6 . The system according to claim 1 , wherein the magnetic field variation is in the frequency range of 50-100 kHz thus avoiding absorption in water between the measuring unit and drive unit.
7 . The system according to claim 6 , wherein the drive frequency is the resonance frequency of the drive unit.
8 . The system according to claim 1 , wherein the secondary magnetic field sensor is a coil.
9 . The system according to claim 1 , wherein the measuring unit comprises an orientation measuring device measuring the tilt relative to the magnetic field.
10 . The system according to claim 9 , wherein the orientation measuring device is an accelerometer.
11 . The system according to claim 1 , further comprising a communication unit for varying amplitude of the varying magnetic field transmitted by the drive unit, the measuring unit being adapted to receive a communicated signal by detecting the varying amplitude.
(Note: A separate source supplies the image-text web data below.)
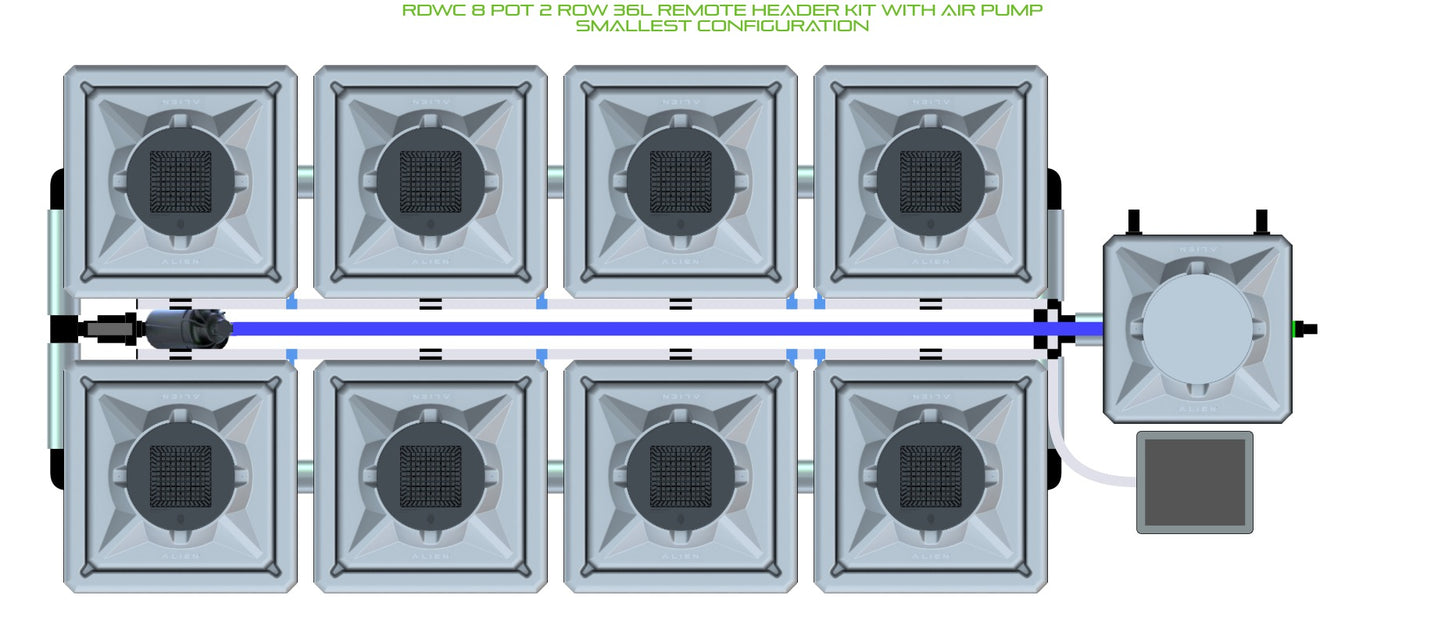 ALIEN Hydroponics RDWC 8 Pot 2 Row 36L Remote Header Kit with Air Pump product image 3
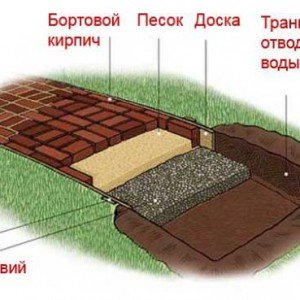 Садові доріжки з червоної цегли та інших матеріалів
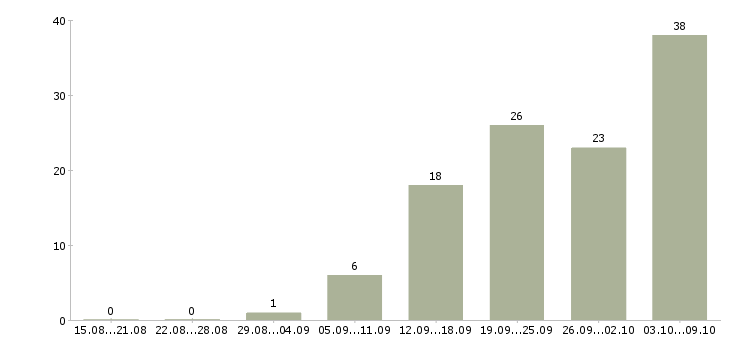 Работа врач отоларинголог в Москве - Число вакансий в Москве по специальности врач отоларинголог за 2 месяца
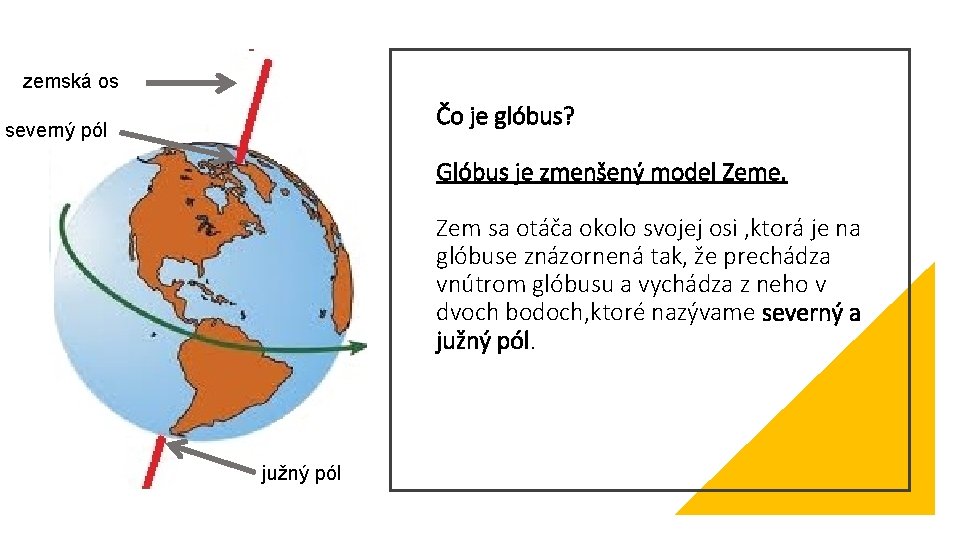 zemská os Čo je glóbus? severný pól Glóbus je zmenšený model Zeme. Zem sa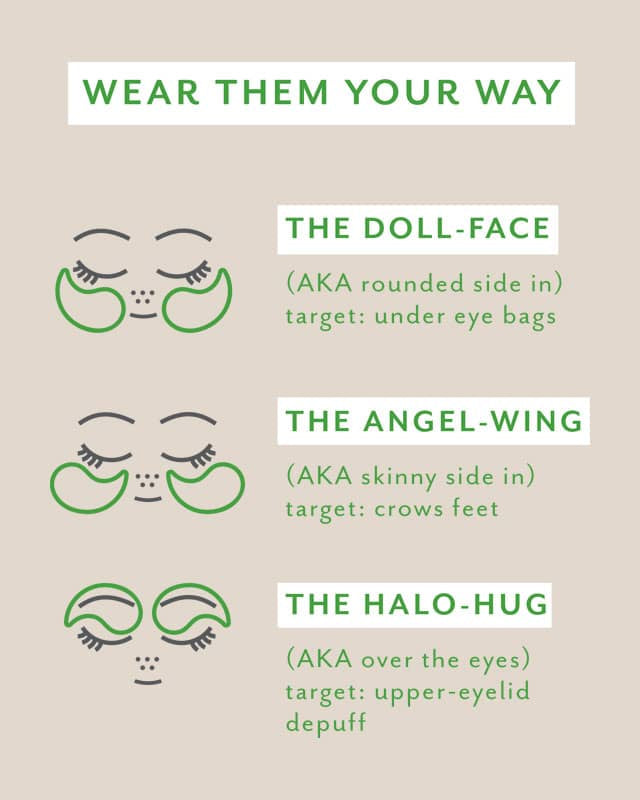 Instructions on how to use eye gels with illustrations of different application methods on a beige background.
12 . The system according to claim 1 , wherein the measuring unit comprising an energy storage means for extracting energy from said varying magnetic field and storing it in said unit.
13 . The system according to claim 1 , wherein the measuring unit comprising an energy storage means and coupling means for coupling to a charger adapted to charge the energy storage means when coupled to a corresponding charger.
14 . The system according to claim 1 , wherein the calculation means comprises analyzing means for comparing information of said distance before and after chest compressions, so as to detect chest collapse or molding.
15 . Use of the system according to claim 1 for measuring the depth of the chest of a by measuring the distance between the measuring unit and the drive unit.
 This method relates to a system and method System for monitoring the position of a measuring unit when placed on a person, especially as part of a CPR measurement.
 Quality of cardiopulmonary resuscitation (CPR), defined as chest compressions and ventilations, is essential for the outcome of cardiac arrest. Gallagher, Van Hoeyweghen and Wik, (Gallagher et al; JAMA 1995 Dec. 27;274(24):1922-5. Van Hoeyweghen et al; Resuscitation 1993 Aug. 26(1):47-52; Wik L, et al Resuscitation” 1994;28:195-203) respectively show that good quality CPR, performed by bystanders prior to the arrival of the ambulance personnel, can affect survival with a factor 3-4. But unfortunately, CPR is most often delivered with less than optimal quality, even by health care professionals according to a recent study published in JAMA (Wik et al. Quality of Cardiopulmonary Resuscitation During Out-of-Hospital Cardiac Arrest. Jama, Jan. 19, 2005-Vol 293, No 3). The most common failures are: Chest compressions are not delivered, ventilations are not delivered, chest compression depth is too shallow, chest compression rate is too high or too low, ventilation rate is too high or too low, or inflation time is too fast.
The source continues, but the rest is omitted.